> **Records drawn from a dataset**:
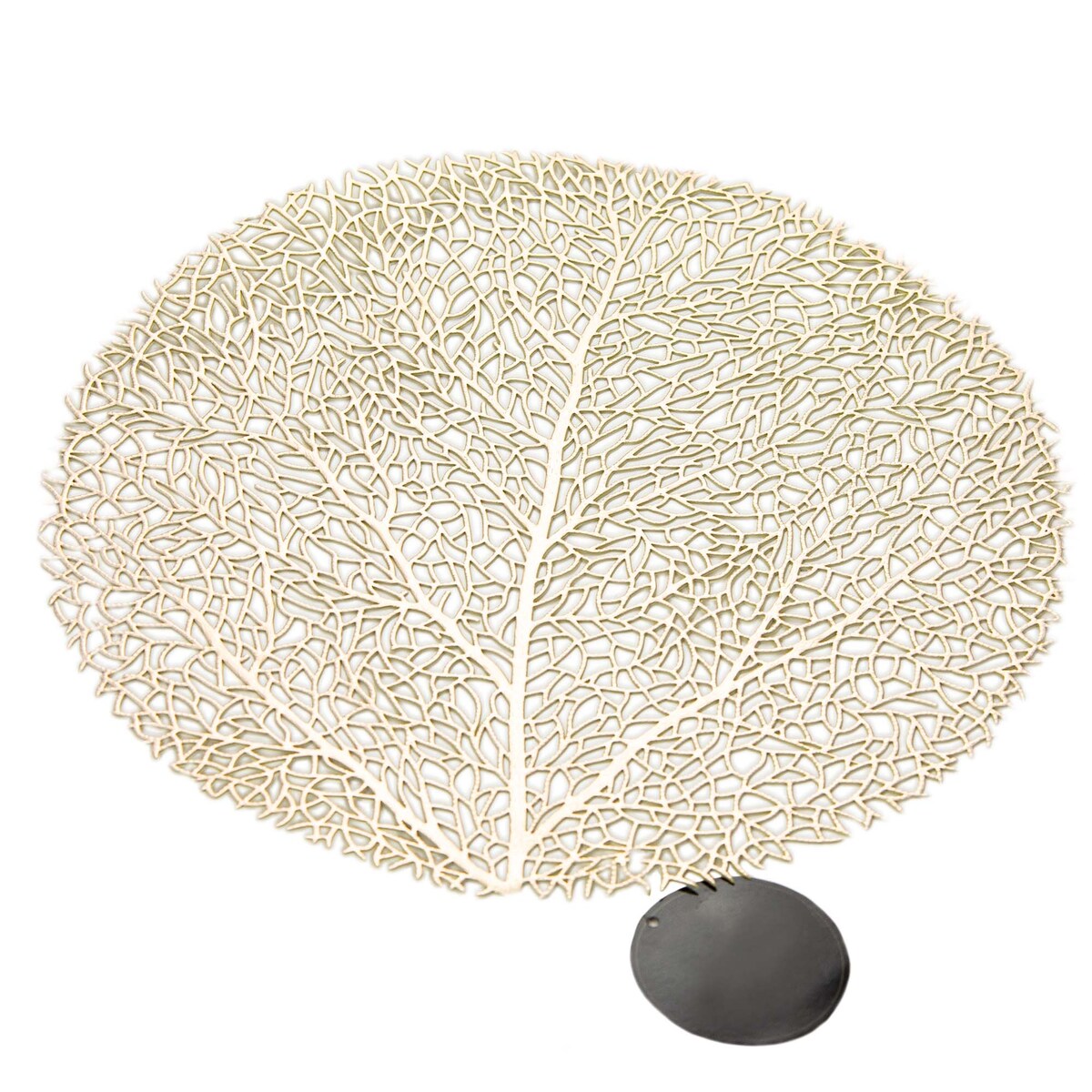 Podkładka Ażurowa Na Stół Mata Stołowa Pod Talerz Ozdoba 38 Cm Drzewo Pvc Złota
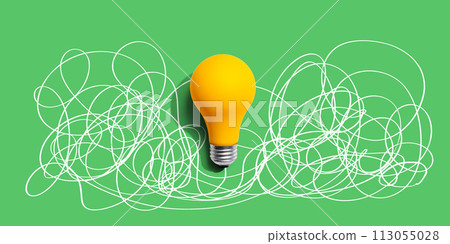 Clarifying complex ideas theme with light bulb Clarifying complex ideas theme with light bulb 113055028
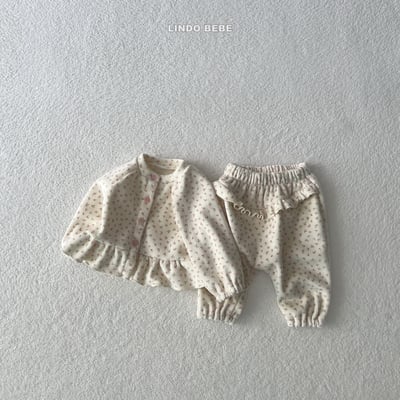 Lindo28｜(3m-18m) 荷葉邊內刷毛開襟外套7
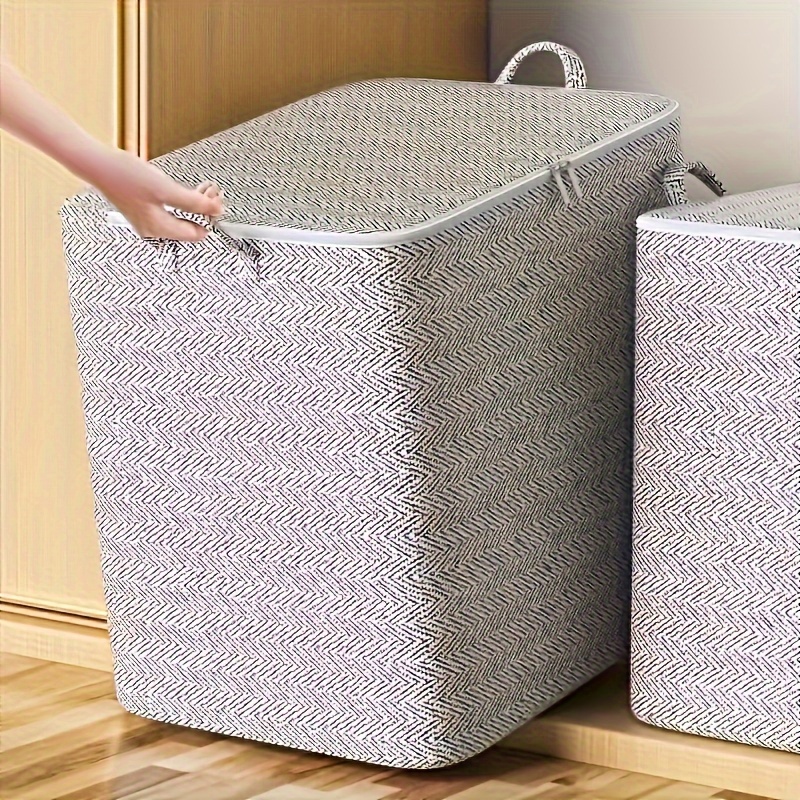 

Large Capacity Collapsible Storage Bin With Lid & Handles - , Easy-clean Non-woven Fabric Organizer For Clothes And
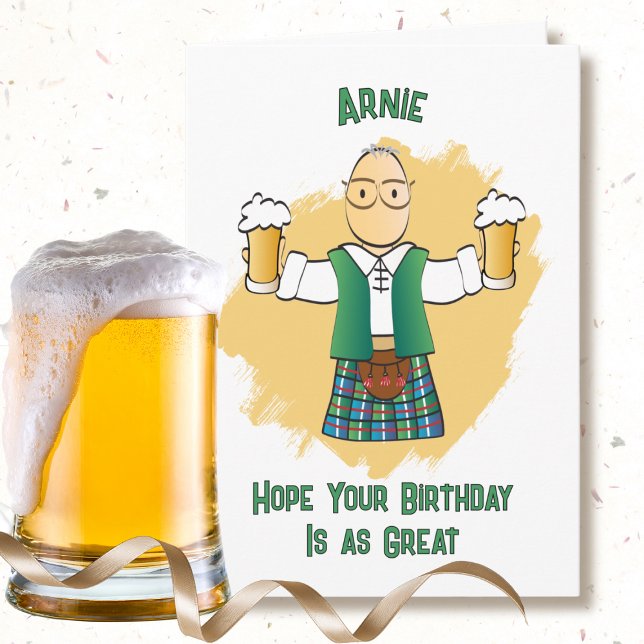 Carte Caricature masculine Snarky Sassy avec Kilt Funny  (Créateur téléchargé)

> **Task description**: Without the pictures, please output every record exactly.

> **Answer section**:
 Podkładka Ażurowa Na Stół Mata Stołowa Pod Talerz Ozdoba 38 Cm Drzewo Pvc Złota
 Clarifying complex ideas theme with light bulb Clarifying complex ideas theme with light bulb 113055028
 Lindo28｜(3m-18m) 荷葉邊內刷毛開襟外套7

Large Capacity Collapsible Storage Bin With Lid & Handles - , Easy-clean Non-woven Fabric Organizer For Clothes And
 Carte Caricature masculine Snarky Sassy avec Kilt Funny  (Créateur téléchargé)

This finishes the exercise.